Ankara’da Batıkent Halkevi’nin, “Katliamlara, yalana, talana, yağmaya karşı yaşam için #AyağaKalk” çağrısıyla gerçekleştirdiği yürüyüşe polis saldırdı. Bugün (2 Nisan) Batıkent Metro Son Durak’ta başlayacak yürüyüş öncesi çok sayısa çevik kuvvet ekibinin geldiği Batıkent’te halk yürüyüşün başlayacağı saat 18.00’a doğru toplanmaya başladı.

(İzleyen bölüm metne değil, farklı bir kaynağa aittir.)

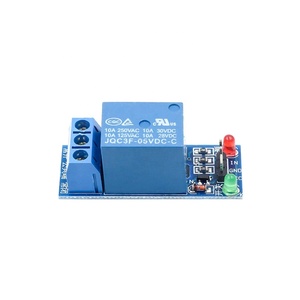 1チャンネルリレー5V12V低レベルトリガー1チャンネルリレーモジュールインターフェイスボードシールド (PIC AVR DSP ARM MCU用) - Product Image 4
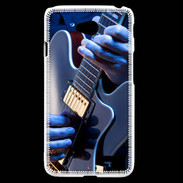 Coque LG L70 Musicien à la guitare 10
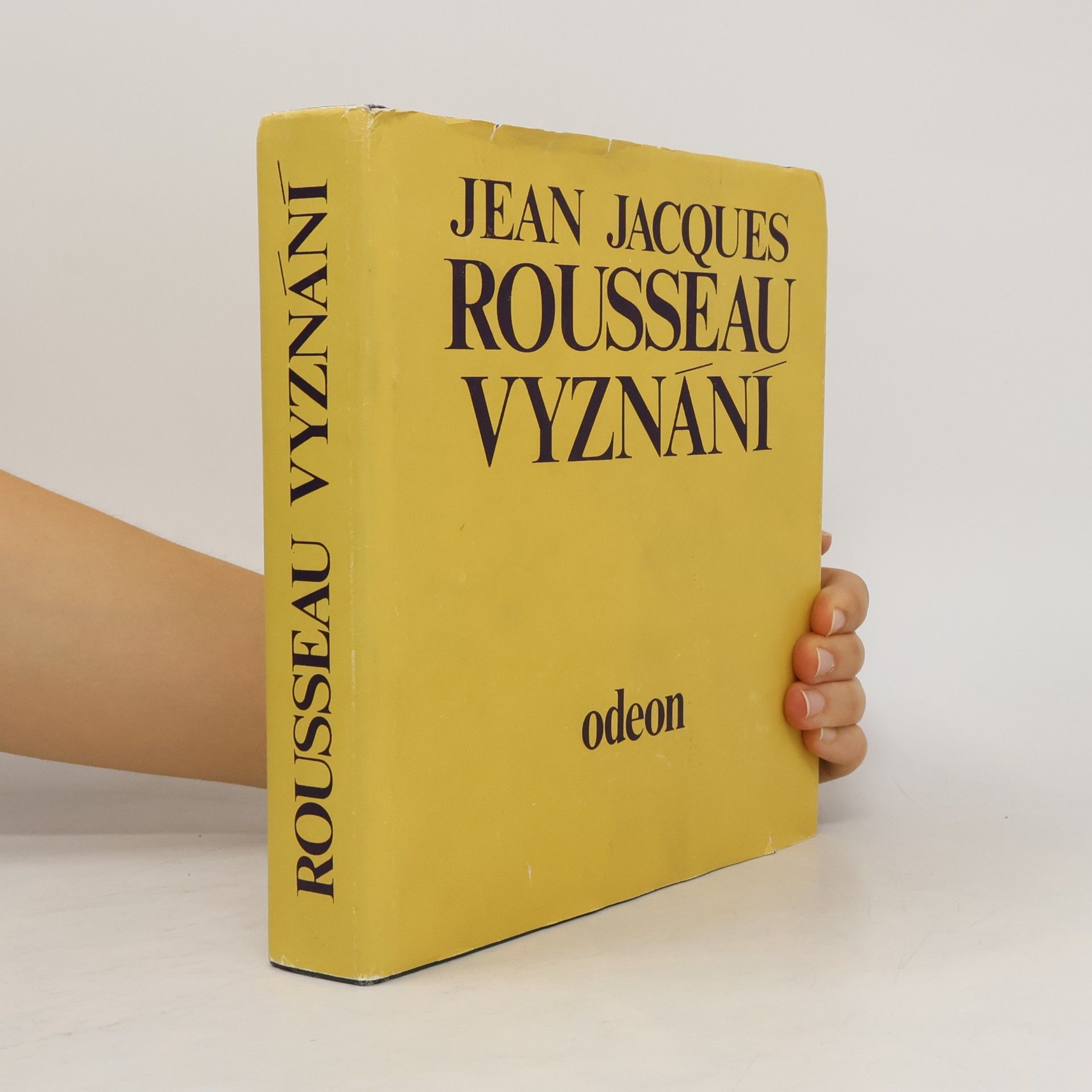 Jean-Jacques Rousseau Vyznání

Son zamanlarda Ankara’nın başka semtlerinde yapılmak istenen yürüyüş ve etkinliklere de izin vermeyen polis, Batıkent’te yürüyüş öncesinde izin vermeyeceğini belirtti. Polisin engelleme çalışmasına rağmen Batıkentliler GİMSA önünde bir araya geldi. Baskılara hiçbir zaman boyun eğmediklerini, Haziran İsyanı’nda olduğu gibi bugün de sokakta olduklarını ve çocuk tecavüzlerine, yasaklara ve katliamlara sessiz kalmayacaklarını belirten Batıkent halkı yola inerek meydana doğru yürüyüşe geçti. Yürüyüş başlar başlamaz polis yoğun biber gazı ile saldırdı.
Polis ilk saldırıda birçok kişiyi darp ederek gözaltına alırken, gözaltına alınmayanlar GİMSA önünde yeniden pankart açtı. Bunun üzerine polis pankart açanları da gözaltına aldı. Gözaltındaki bir kadının parmağının kırıldığı, bir kişiye de polisin yumruk attığı belirtildi. Ayrıca gözaltındakiler de dahil çok sayıda kişi yoğun biber gazından fenalaştı.
Batıkentli gençler ise polisin saldırısına karşılık vererek polise soda şişeleri fırlattı. Gençlere de yeniden saldıran polis, gençlerden kimseyi gözaltına alamadı.
Batıkentliler yılmadı gözaltılardan sonra tekrar toplandı
Gözaltılardan sonran GİMSA önünde yeniden toplanmaya başlayan halk bir süre alkış ve sloganlarla bekleyişini sürdürdü. Ardından “ne yaparsanız yapın biz bu basın açıklamasını yapacağız” diyerek basın metnini okudu. Basın metninde şunlara değinildi:
Saray iktidarı; ordu, emniyet, MİT ve yargı başta olmak üzere devletin tüm kurumlarını, halkın demokrasi, barış, özgürlük, laiklik, eşitlik, adalet ve hak taleplerini bastırmak için kullanıyor. Faşizm, devletin tüm kuvvetlerinin Tayyip Erdoğan’ın tek adamlığı ekseninde seferber olduğu ve bunun gerici-şoven bir kitle temeline dayanarak ayakta tutulmaya çalışıldığı yeni bir icra tarzıyla karşımıza dikiliyor.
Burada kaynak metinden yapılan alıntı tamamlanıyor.